Records for the exercise:

—————

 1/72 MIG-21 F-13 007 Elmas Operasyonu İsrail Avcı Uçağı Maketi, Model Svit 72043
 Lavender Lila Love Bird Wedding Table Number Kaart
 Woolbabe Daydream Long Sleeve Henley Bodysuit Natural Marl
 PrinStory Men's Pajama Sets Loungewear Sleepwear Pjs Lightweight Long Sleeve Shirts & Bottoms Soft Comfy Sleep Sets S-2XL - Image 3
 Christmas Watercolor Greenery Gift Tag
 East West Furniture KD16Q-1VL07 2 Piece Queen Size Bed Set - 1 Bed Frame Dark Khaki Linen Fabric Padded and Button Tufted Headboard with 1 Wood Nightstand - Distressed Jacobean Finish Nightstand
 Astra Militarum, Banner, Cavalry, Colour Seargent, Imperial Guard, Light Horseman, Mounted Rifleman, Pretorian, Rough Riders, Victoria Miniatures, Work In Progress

—————

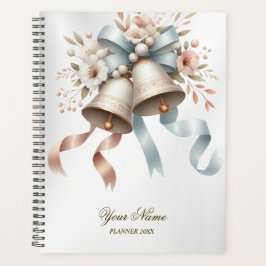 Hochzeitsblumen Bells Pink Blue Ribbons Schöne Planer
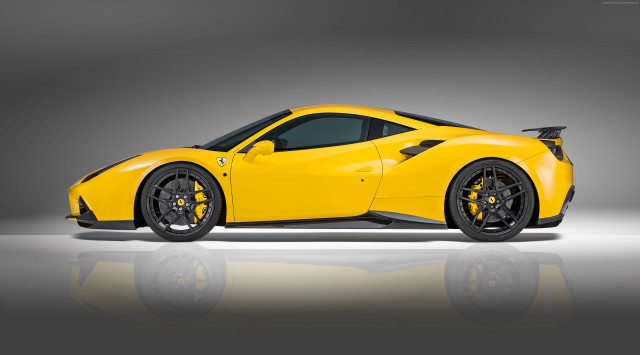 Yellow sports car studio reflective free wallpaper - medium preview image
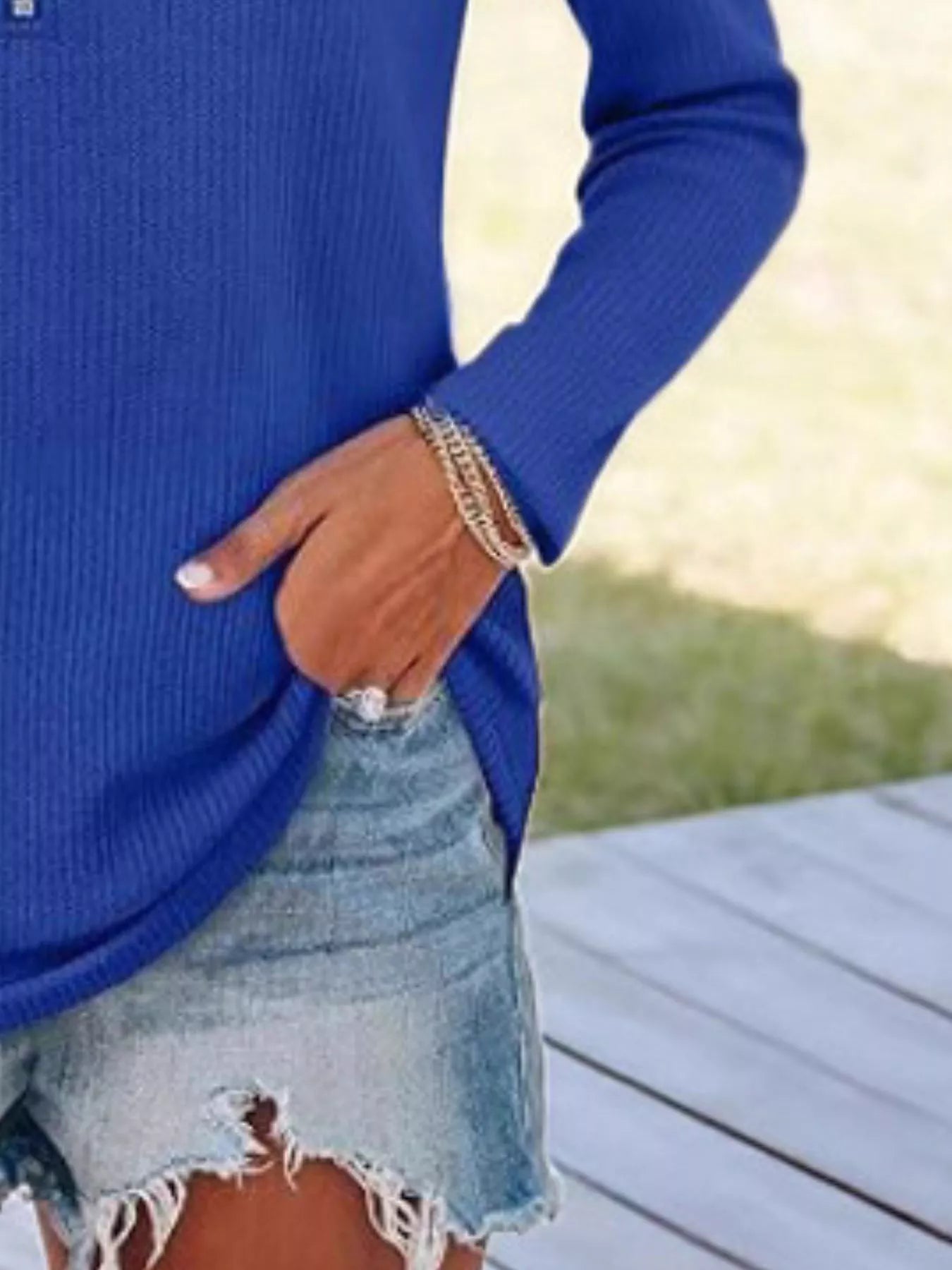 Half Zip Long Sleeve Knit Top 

—————

Within the material above, output exactly the lines from the one with "1/72 MIG-21 F-13" through the one with "Astra Militarum, Banner, Cavalry, Colour", end lines included, and nothing besides.

 1/72 MIG-21 F-13 007 Elmas Operasyonu İsrail Avcı Uçağı Maketi, Model Svit 72043
 Lavender Lila Love Bird Wedding Table Number Kaart
 Woolbabe Daydream Long Sleeve Henley Bodysuit Natural Marl
 PrinStory Men's Pajama Sets Loungewear Sleepwear Pjs Lightweight Long Sleeve Shirts & Bottoms Soft Comfy Sleep Sets S-2XL - Image 3
 Christmas Watercolor Greenery Gift Tag
 East West Furniture KD16Q-1VL07 2 Piece Queen Size Bed Set - 1 Bed Frame Dark Khaki Linen Fabric Padded and Button Tufted Headboard with 1 Wood Nightstand - Distressed Jacobean Finish Nightstand
 Astra Militarum, Banner, Cavalry, Colour Seargent, Imperial Guard, Light Horseman, Mounted Rifleman, Pretorian, Rough Riders, Victoria Miniatures, Work In Progress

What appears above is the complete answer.